La Reserve Bank of Australia, istituto di credito centrale del vasto paese oceaniano, ha visto crescere le proprie riserve valutarie di 863 milioni di dollari negli ultimi due mesi: si tratta di un valore da tenere in debita considerazione, visto che la media mensile che è stata registrata nel corso del secondo trimestre è stata pari a quarantanove milioni. Di solito, inoltre, questa banca centrale provvede a sterilizzare crescite simili attraverso l’acquisto di valuta locale, così da bilanciare il deflusso, ma stavolta non si è comportata in questa maniera.
Di conseguenza, le divise straniere si sono accumulate e si è scelto di rimuovere quello che in altri casi sarebbe stato una fonte di pressione per Aussie. Circa dieci giorni fa, tra l’altro, il dollaro australiano e neozelandese erano in controtendenza, a conferma dei ricavi continui di questa divisa. La Rba, la quale interviene molto di rado nel mercato monetario, non ha annunciato le riserve a cui si sta facendo riferimento, ma comunque si può dire che non si trova a proprio agio con un dollaro australiano così forte, un fattore che non fa altro che indebolire il settore minerario nazionale, molto ben sviluppato, e gli altri esportatori.

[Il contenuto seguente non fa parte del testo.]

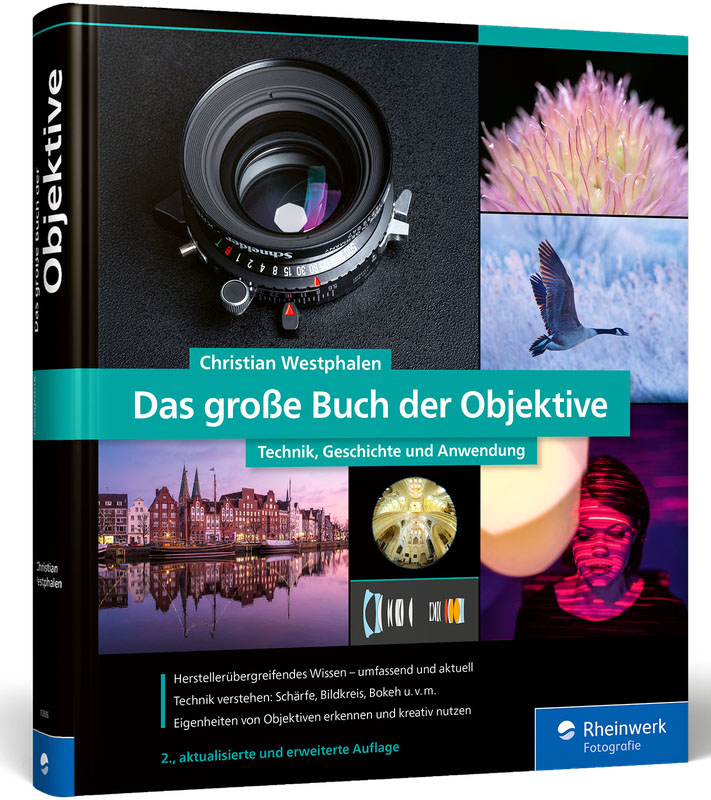 Cover der zweiten Auflage des großen Buchs der Objektive von Christian Westphalen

Aussie si è mantenuta al di sopra della parità rispetto al dollaro americano dallo scorso mese di giugno, nonostante a inizio ottobre sia stato ai minimi da un mese. Il crollo dei prezzi delle materie prime e il taglio dei tassi di interesse da parte della Banca Centrale (1,5%) non hanno rappresentato alcuno motivo di preoccupazione. Il governatore Glenn Stevens ha menzionato spesso la forte moneta locale come un fattore chiave per il taglio dei tassi a novembre, mentre altri membri del board sperano vivamente che il dollaro australiano si indebolisca anche leggermente. Il nuovo ammontare di riserve è l’ultima arma per fronteggiare simili apprezzamenti, chissà se la missione sarà conclusa in maniera positiva.